• Collected data entries:
============

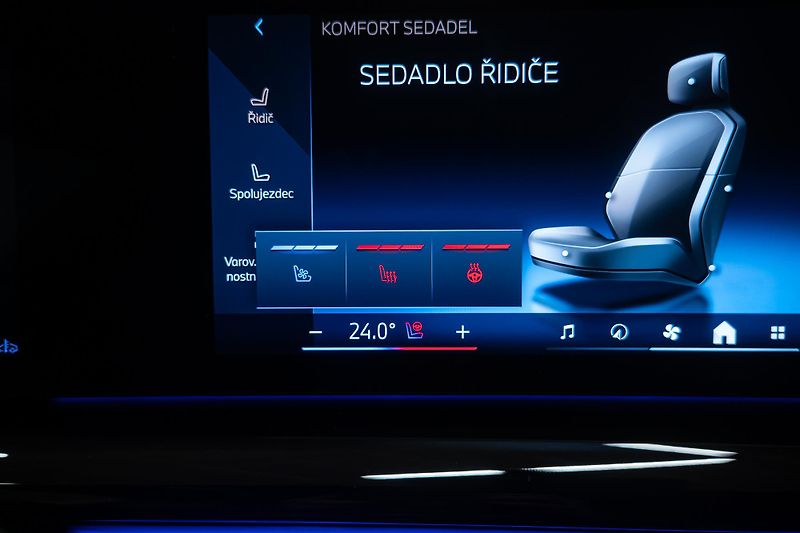 BMW Řada 5 (2025) 540xd M-SPORT INDIVIDUAL Top!! - fotka 44 z 50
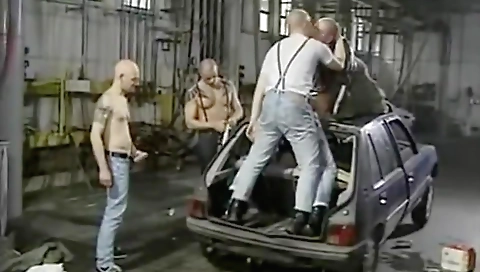 Mocha a girl with infamousy locationst inflictr absolute posed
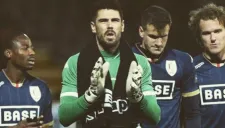 Víctor Valdés feliz por volver a la actividad con victoria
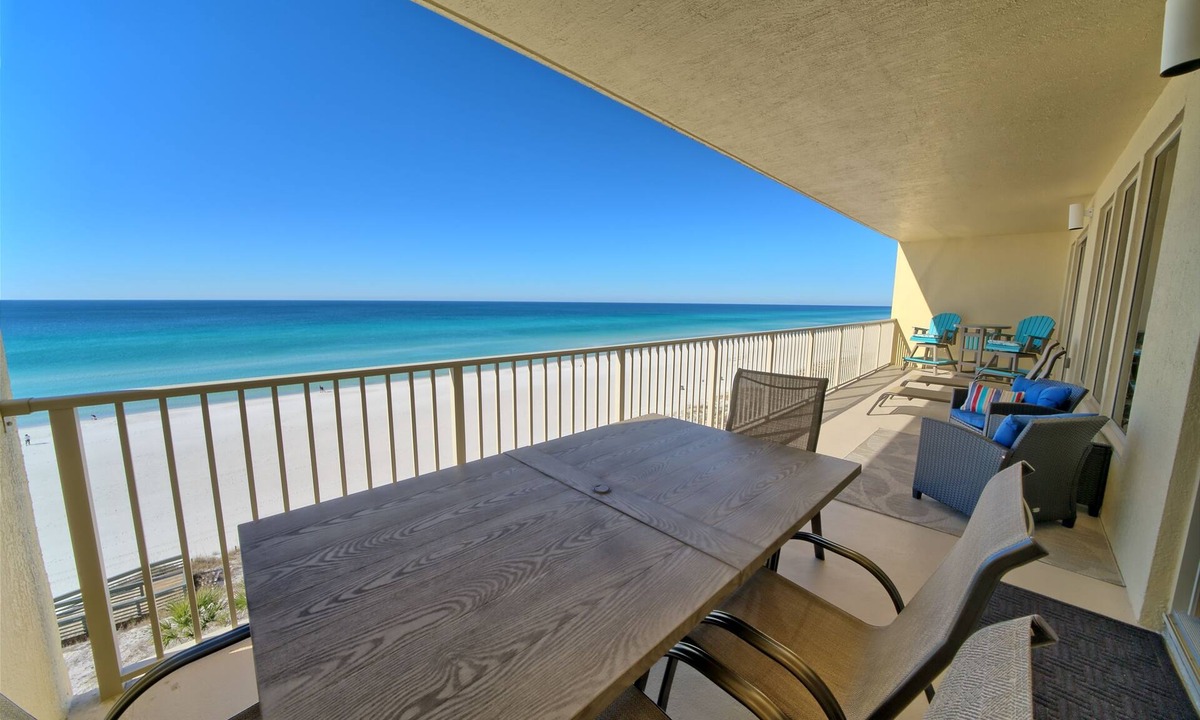 Thomas Drive Condo | Gulf Crest 606: Escape to a Cozy 2-Bedroom with Gulf Views!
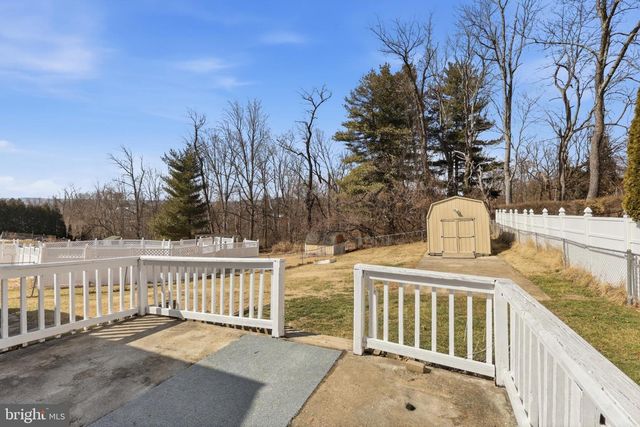 213 WINTERGREEN LN, Brunswick, MD 21716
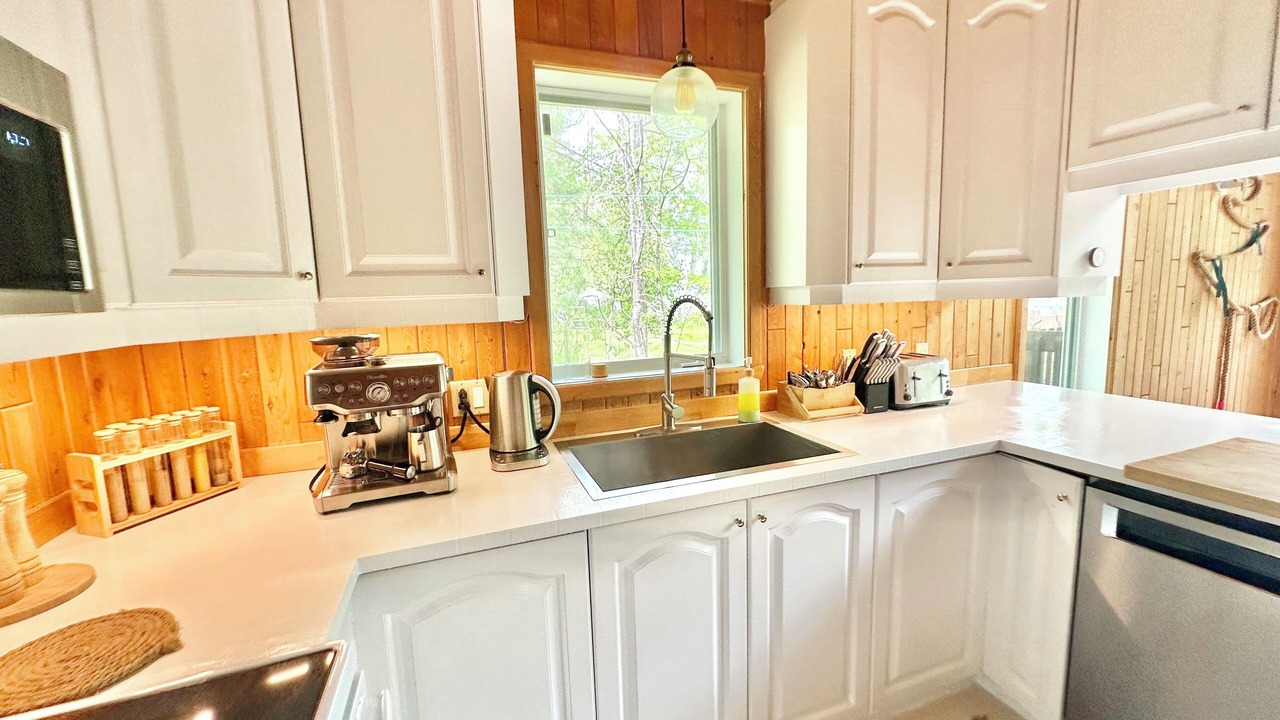 Photo of Kitchen in Chute-Saint-Philippe
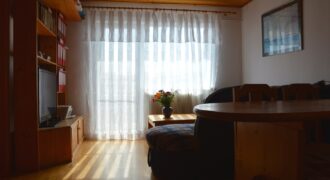 Apartament cu 4 camere in Tg. Secuiesc, str.Achim Andrei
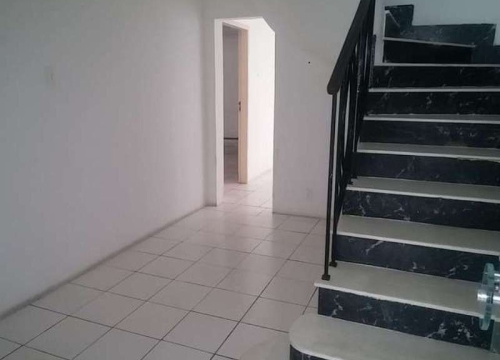 Casa comercial com 2 salas para alugar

============

• Work order: Restate every record above word for word, without images.

• Response to the exercise:
 BMW Řada 5 (2025) 540xd M-SPORT INDIVIDUAL Top!! - fotka 44 z 50
 Mocha a girl with infamousy locationst inflictr absolute posed
 Víctor Valdés feliz por volver a la actividad con victoria
 Thomas Drive Condo | Gulf Crest 606: Escape to a Cozy 2-Bedroom with Gulf Views!
 213 WINTERGREEN LN, Brunswick, MD 21716
 Photo of Kitchen in Chute-Saint-Philippe
 Apartament cu 4 camere in Tg. Secuiesc, str.Achim Andrei
 Casa comercial com 2 salas para alugar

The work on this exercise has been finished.